Our primary outcome was all cause mortality. For the HCSC-RAC, the date of death was obtained from the INDEF (Índice Nacional de Defunciones, Spanish for “National Mortality Index⁶⁰), a national register depending on the Spanish Ministry of Health that records all deaths in the Spanish territory, regardless the nationality of the deceased (no cause of death is registered in this registry). The time of observation comprised the elapsed time between the date two years after the RA diagnosis and the date of patient’s death, or the date when mortality data was collected from the INDEF (September the 10, 2013).

For PEARL study, the date of death was obtained from HYGEIA (the electronic clinical tool used at Hospital Universitario La Princesa) or, in case of patients’ loss of follow-up, from HORUS (an electronic health record that integrates information collected from primary care centres, outpatient clinics, and hospital admissions in the Madrid Region). Therefore, the time of observation comprised the elapsed time between the date two years after the RA diagnosis and the date of patient’s death, loss of follow-up, or January the 1st, 2017).
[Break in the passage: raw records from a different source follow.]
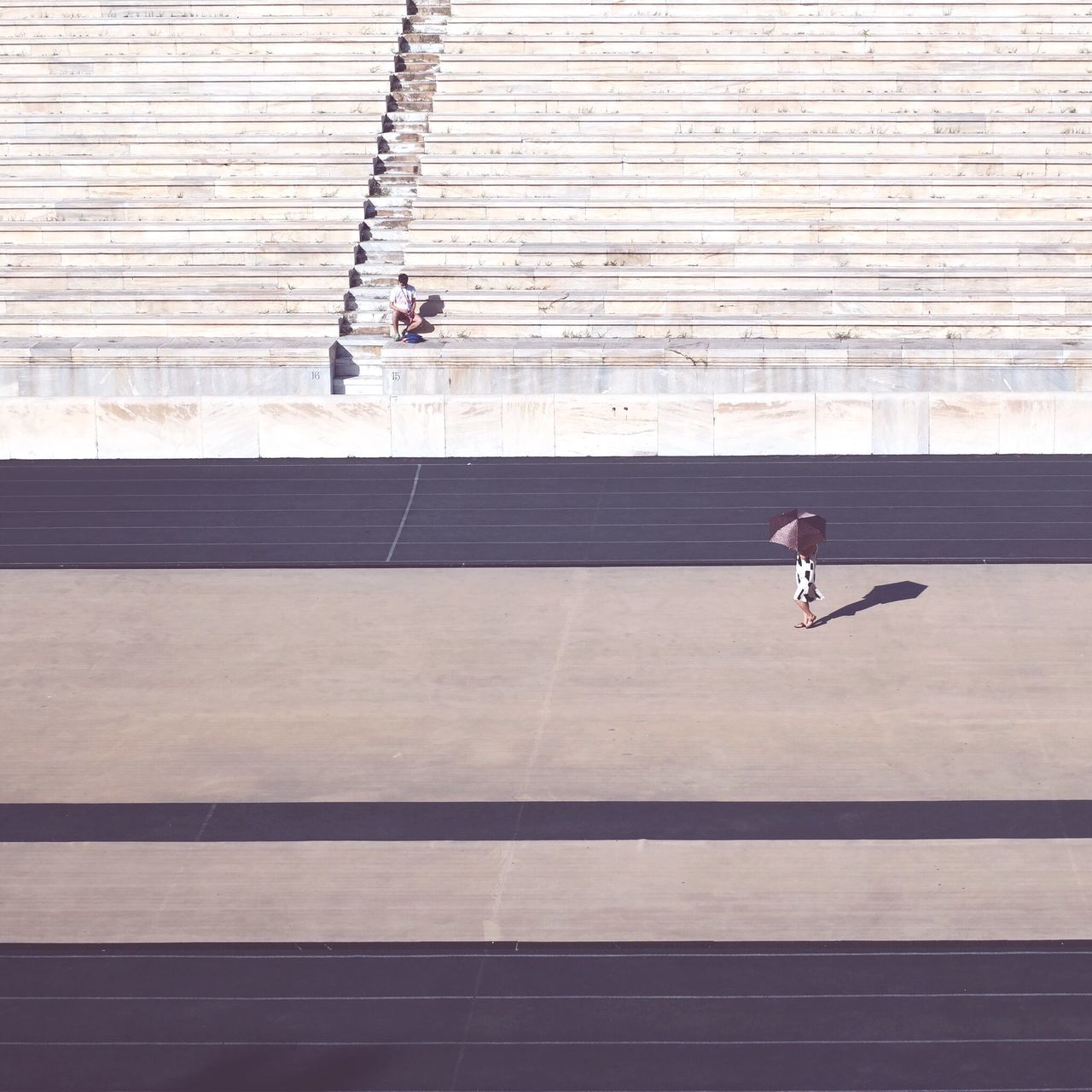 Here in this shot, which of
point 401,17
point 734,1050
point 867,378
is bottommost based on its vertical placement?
point 734,1050

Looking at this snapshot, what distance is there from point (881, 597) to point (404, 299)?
8.61 meters

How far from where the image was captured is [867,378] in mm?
19172

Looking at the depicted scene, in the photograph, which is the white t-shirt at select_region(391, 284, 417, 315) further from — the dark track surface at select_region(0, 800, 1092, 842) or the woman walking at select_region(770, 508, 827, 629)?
the dark track surface at select_region(0, 800, 1092, 842)

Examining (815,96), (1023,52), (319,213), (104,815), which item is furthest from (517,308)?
(104,815)

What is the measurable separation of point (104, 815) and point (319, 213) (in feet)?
47.6

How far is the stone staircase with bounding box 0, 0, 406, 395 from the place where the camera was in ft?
66.3

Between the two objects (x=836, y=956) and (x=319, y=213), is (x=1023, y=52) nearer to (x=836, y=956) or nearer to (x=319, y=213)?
(x=319, y=213)

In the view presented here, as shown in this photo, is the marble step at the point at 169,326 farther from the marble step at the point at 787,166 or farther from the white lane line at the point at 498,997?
the white lane line at the point at 498,997

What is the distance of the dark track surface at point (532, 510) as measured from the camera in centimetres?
1562

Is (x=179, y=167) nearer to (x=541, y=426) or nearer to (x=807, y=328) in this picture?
(x=541, y=426)

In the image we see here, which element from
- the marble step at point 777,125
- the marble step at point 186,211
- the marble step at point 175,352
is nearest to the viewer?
the marble step at point 175,352

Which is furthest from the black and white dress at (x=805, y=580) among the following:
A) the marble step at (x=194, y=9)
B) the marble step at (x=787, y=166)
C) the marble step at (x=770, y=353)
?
the marble step at (x=194, y=9)

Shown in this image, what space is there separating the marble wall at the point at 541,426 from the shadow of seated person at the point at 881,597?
359cm

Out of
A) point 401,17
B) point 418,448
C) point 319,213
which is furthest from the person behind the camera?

Regarding independent variables, we used demographic and clinical-related variables, including gender (dichotomic), age and calendar year at RA diagnosis (continuous), nationality (dichotomic: Spaniard, not Spaniard), RF presence (dichotomic: yes, no), ACPA (dichotomic: yes, no), use of any biological therapy during the first two years after disease diagnosis (dichotomic: yes, no), number of hospital admissions regardless the cause during the first two years after disease diagnosis (continuous), and median values of the HAQ⁶¹ and of the ESR, performed at RA diagnosis, 1 and 2 years after (continuous)⁸. This information was obtained from a departmental electronic health record (Medi-LOG⁶²), in the case of the HCSC-RAC, and from the PEARL database.

Statistical analysis

Continuous variables were described using median and IQR, or mean and standard deviation (SD), based on their distribution. Dichotomous and categorical variables were described using proportions.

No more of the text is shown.